5 Reasons I Quit Blogging our Adoption Story
It is our son’s story to tell. My husband and I talked extensively about this and agree that as our son gets older, then it is up to him to share about his adoption. We have open and honest communication with him. We tell him what he is capable of comprehending at each stage of life. Currently, at five years old, he knows that my tummy is broken and he grew in the tummy of his birth mom. We don’t use words like “adoption” just yet simply because he is sensitive and we don’t want him to comprehend it in a negative way. Adoption is beautiful and wonderful. And as we share more and more, it is up to him to keep that to himself or to share with others. It is not for us to announce, and we don’t believe in labels.

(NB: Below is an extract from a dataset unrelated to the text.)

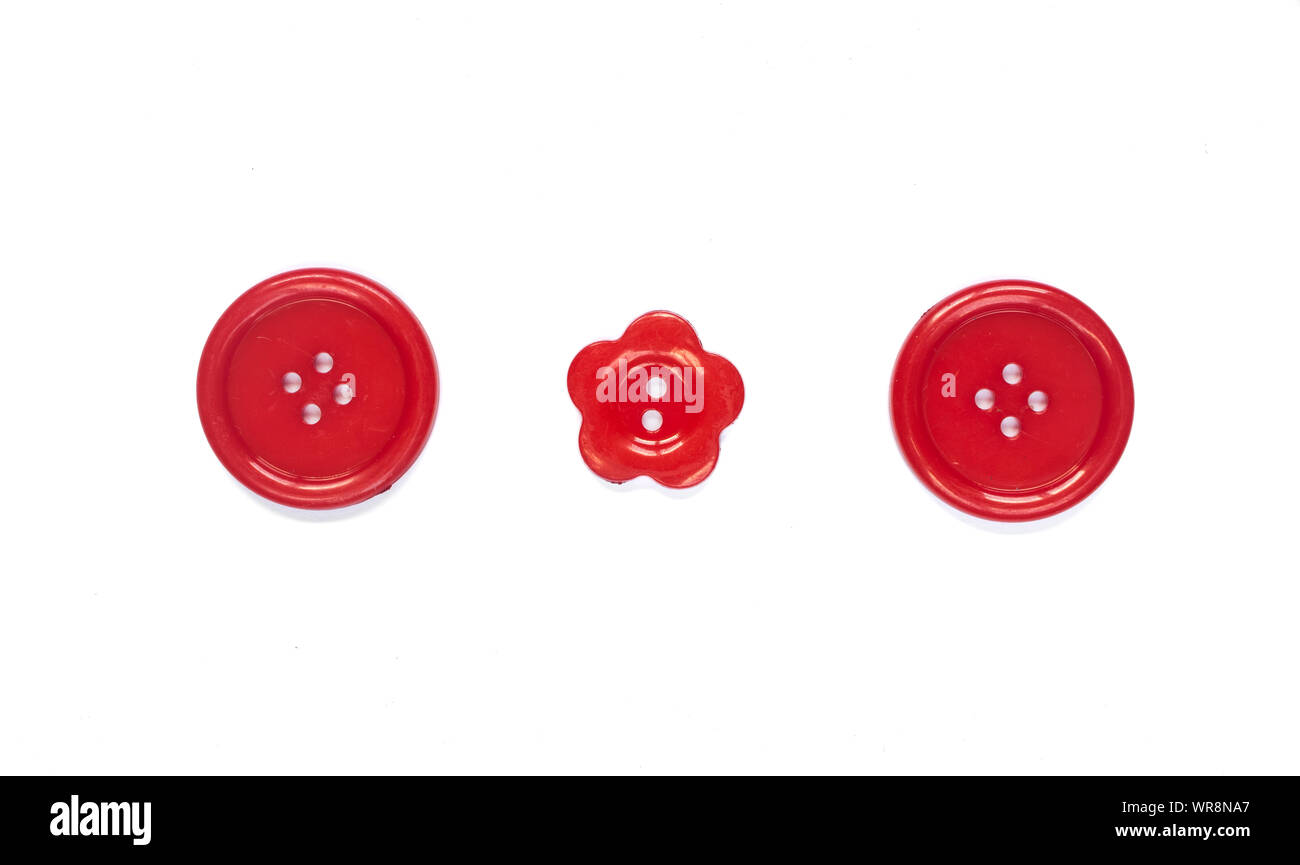 Three Various red sewing buttons isolated on background Stock Photo Alamy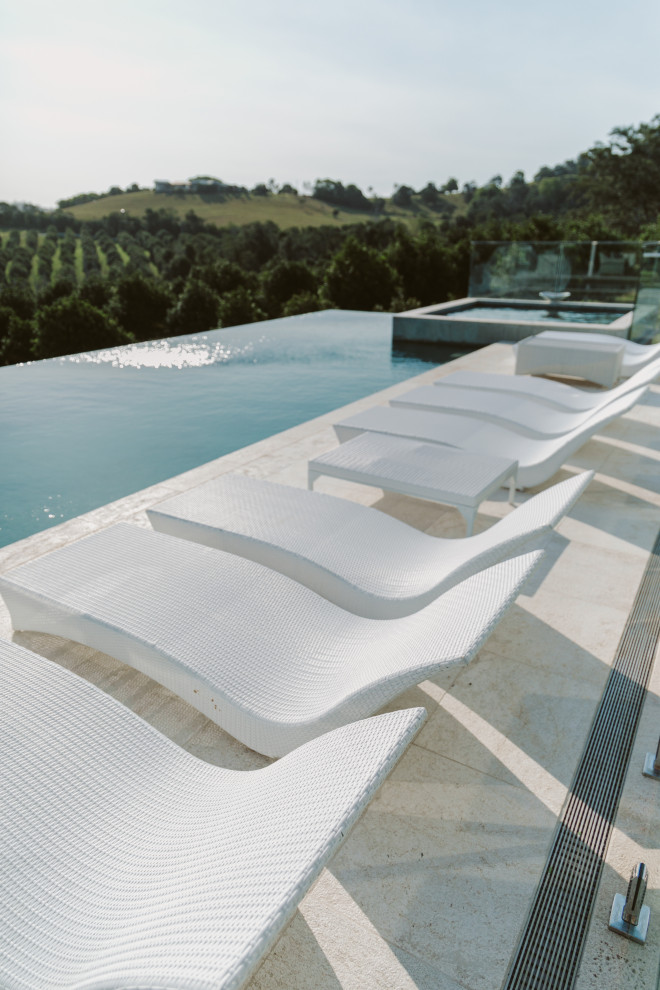 Foto di una piscina fuori terra design rettangolare di medie dimensioni e sul tetto con una vasca idromassaggio e pavimentazioni in pietra naturale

We love, honor and respect our son’s birth mom. And as such, there are details that she may or may not be comfortable with us sharing. We have an open relationship with her, but she also has her own life aside from being a birth mom. Just as we don’t want to be labeled as “adoptive parents,” or our son to be labeled as “adopted,” we don’t want her to forever to be known as “E’s birth mom.” She has a name. We will always share pictures of our visits because we love her and the relationship we all have, but it is not for me to share about her feelings or experiences. Those are hers and hers alone to share. As much as I love her, I will never know what it is like to be in her shoes. And I respect whatever level of information she wants others to know.
We can’t trust the “interwebs.” As much as we want to trust the controls we have in place surrounding our social media outlets, and as awesome as we believe our friends and family are, there is always at least one person sitting there waiting to criticize or publicize our words and/or life. The more we put out there, the more vulnerable we are. And the more we share, the more likely we are to have our words land in the hands of strangers whose intentions are far less than admirable. I really think and pray about how much information I divulge to the public eye.
Words should come from us, the parents, first. This somewhat goes along with the first and previous reasons listed. We do not want our son to hear things about his life from others before he hears it from us or his birth mom first. We never want him to be blindsided. It shouldn’t come from something written for the rest of the world to see before he knows about it (even when we think they are too young to read). Our kids deserve to know the truth, but that truth should come from those closest to them first. Open communication is essential in any relationship, and that is no different for us.
Details are for one on one conversations. Important conversations, we believe, are meant to be held at eye level where context and emotions are clear. We never want our son to mistake any words typed out for untruth. Whether we are talking about his day at school, or his life as it relates to adoption, we reserve those talks for one on one conversation where they are clearly communicated and received in the love in which they are meant.
While I may no longer sit at the keyboard and type hundreds of words as it pertains to our particular story, I will always be an advocate and go to bat for the adoption community. I fully support others, their choices, and the miracles that adoption brings into each of our lives.